The buffalo hunter display shows the effects of the declining herds on both the Indian and White cultures. Methods of hunting and the use of the carcasses by both cultures is displayed. The transition from the frontier to the late 19th century and early 20th century comes next. Lots of tools, clothing, and household items are displayed. A full size train is on the tracks and you can go inside it. This portion of the museum is very dark and photography was difficult. World War I, the Great Depression, World War II, Korea, Viet Nam all get displays. There are some nice displays about the 1950's that caught my eye. I knew I was really getting old when I saw some old computers I used to work with in a museum. I really enjoyed talking to a volunteer staffer as I neared the end. He was an older gentleman and was very well versed on Kansas and US history.

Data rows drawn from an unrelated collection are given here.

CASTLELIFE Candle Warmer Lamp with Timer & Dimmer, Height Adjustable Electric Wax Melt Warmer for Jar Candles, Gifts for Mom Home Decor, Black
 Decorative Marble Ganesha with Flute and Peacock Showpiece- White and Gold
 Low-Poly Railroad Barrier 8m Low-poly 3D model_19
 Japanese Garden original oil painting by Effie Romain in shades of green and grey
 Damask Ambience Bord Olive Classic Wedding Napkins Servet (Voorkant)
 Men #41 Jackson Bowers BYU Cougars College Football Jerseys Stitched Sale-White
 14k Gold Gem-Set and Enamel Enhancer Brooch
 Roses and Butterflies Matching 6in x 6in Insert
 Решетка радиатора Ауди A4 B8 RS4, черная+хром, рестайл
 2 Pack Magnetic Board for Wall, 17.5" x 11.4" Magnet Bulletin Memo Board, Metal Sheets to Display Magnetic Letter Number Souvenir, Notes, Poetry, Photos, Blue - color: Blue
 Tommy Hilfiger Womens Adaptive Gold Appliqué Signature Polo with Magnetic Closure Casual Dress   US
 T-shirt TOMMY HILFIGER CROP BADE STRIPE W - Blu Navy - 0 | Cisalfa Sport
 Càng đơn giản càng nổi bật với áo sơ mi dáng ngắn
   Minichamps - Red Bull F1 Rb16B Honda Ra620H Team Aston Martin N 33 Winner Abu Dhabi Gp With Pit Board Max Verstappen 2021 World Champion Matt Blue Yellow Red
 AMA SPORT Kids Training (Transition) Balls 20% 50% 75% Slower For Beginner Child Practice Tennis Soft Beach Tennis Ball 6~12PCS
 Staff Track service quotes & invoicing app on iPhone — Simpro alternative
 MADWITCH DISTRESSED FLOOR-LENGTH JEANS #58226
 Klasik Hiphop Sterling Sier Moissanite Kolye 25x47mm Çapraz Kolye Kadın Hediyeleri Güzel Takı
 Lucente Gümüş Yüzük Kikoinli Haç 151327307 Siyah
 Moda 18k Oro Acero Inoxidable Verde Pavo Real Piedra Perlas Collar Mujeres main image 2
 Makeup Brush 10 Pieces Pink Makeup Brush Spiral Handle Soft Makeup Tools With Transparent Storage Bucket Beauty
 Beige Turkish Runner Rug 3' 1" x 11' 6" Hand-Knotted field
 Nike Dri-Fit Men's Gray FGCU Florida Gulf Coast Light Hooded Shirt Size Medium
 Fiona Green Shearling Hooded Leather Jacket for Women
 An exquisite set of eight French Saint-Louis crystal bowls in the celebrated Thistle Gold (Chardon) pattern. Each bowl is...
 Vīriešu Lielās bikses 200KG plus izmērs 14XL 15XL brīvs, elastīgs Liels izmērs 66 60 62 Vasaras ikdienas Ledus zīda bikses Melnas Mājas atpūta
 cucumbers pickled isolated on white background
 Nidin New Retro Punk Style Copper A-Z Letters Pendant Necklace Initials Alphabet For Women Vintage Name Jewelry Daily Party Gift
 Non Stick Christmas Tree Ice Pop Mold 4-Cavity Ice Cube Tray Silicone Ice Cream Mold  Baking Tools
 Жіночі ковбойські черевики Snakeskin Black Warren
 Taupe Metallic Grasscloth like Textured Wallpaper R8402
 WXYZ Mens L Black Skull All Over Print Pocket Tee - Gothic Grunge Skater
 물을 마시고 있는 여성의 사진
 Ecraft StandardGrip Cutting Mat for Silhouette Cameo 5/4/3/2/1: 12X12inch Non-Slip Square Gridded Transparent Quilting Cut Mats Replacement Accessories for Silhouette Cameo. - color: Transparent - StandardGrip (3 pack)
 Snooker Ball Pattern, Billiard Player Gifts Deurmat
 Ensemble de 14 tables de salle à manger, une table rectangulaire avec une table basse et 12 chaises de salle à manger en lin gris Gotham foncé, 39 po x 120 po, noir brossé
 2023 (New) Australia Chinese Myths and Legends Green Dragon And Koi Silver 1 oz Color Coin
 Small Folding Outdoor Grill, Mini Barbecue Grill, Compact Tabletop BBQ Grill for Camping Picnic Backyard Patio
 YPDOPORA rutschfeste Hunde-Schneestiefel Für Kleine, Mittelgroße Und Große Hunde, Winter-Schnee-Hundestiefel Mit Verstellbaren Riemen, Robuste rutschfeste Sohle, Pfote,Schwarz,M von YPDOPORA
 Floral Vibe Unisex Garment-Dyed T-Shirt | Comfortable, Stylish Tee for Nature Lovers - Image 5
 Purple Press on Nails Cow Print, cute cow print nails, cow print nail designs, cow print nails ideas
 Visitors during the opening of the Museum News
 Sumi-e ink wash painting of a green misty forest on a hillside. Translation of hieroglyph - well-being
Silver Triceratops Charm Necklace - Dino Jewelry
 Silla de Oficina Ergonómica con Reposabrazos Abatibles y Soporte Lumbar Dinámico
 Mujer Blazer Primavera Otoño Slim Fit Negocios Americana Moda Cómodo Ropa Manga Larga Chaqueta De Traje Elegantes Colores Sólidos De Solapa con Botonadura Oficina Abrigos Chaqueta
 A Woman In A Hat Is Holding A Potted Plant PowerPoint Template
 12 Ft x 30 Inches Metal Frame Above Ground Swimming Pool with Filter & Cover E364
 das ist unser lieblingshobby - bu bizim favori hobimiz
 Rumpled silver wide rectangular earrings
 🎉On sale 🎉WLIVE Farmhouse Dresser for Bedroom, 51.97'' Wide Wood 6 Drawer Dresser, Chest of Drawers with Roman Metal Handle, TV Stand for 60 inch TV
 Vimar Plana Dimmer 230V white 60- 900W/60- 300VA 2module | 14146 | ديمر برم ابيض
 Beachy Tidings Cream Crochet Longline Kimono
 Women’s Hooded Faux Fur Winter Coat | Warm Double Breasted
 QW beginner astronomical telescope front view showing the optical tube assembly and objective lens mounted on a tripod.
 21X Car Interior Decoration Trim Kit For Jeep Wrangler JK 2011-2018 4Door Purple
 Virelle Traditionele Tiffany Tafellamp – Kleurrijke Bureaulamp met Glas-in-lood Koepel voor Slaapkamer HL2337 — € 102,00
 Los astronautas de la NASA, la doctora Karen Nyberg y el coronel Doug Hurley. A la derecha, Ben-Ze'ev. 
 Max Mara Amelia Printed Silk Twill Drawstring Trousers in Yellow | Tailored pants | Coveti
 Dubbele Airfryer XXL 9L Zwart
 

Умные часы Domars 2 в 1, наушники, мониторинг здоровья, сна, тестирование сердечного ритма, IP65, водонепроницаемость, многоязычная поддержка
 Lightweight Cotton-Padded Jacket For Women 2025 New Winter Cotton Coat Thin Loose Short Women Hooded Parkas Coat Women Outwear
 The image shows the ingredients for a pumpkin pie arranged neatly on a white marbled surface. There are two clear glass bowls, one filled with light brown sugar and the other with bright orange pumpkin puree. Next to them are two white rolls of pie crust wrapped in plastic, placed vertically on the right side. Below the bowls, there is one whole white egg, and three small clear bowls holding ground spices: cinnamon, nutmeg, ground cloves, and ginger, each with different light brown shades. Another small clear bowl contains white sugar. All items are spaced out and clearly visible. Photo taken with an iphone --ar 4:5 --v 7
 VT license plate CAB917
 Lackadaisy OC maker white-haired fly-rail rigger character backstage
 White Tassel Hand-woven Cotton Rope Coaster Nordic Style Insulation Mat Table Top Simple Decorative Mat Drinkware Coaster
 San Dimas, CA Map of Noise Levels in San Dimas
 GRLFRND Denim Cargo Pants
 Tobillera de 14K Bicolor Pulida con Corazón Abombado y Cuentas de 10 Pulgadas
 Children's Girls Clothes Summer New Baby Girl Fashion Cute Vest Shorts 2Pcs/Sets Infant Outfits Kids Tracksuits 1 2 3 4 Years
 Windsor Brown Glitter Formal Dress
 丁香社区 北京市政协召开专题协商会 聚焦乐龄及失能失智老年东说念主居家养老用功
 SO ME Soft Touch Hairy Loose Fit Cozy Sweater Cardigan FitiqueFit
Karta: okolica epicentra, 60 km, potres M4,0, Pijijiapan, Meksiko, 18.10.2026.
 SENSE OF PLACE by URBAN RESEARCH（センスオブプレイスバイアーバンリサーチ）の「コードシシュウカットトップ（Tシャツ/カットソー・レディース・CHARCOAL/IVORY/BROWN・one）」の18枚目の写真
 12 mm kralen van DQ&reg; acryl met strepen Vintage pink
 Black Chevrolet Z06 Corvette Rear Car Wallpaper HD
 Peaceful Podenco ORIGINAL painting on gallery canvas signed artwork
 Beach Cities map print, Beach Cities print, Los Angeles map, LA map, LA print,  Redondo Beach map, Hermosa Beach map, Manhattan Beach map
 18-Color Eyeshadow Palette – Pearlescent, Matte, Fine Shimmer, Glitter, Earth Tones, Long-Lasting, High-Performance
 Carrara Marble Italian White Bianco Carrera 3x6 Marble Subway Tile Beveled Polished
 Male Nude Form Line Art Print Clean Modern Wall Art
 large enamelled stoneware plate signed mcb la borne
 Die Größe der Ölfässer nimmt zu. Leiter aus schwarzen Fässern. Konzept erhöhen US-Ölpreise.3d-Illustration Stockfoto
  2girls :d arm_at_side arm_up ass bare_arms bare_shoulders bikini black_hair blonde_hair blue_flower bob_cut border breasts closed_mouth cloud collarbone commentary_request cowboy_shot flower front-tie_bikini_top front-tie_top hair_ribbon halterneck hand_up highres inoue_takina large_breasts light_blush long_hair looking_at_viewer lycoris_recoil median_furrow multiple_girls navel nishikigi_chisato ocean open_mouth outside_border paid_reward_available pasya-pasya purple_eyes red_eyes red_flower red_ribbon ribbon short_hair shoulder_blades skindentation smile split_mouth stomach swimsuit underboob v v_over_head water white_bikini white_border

After completing my tour I headed to the well stocked museum store. There was a good selection of items for all price ranges and ages. All the ladies working in there were friendly as could be and were quick to offer assistance. I found a great old Godzilla book in the clearance section. I have no idea why Godzilla was in Kansas but I got the book for about one quarter of it's cover price so I didn't care. If you are visiting Kansas, add this museum to your can't miss list.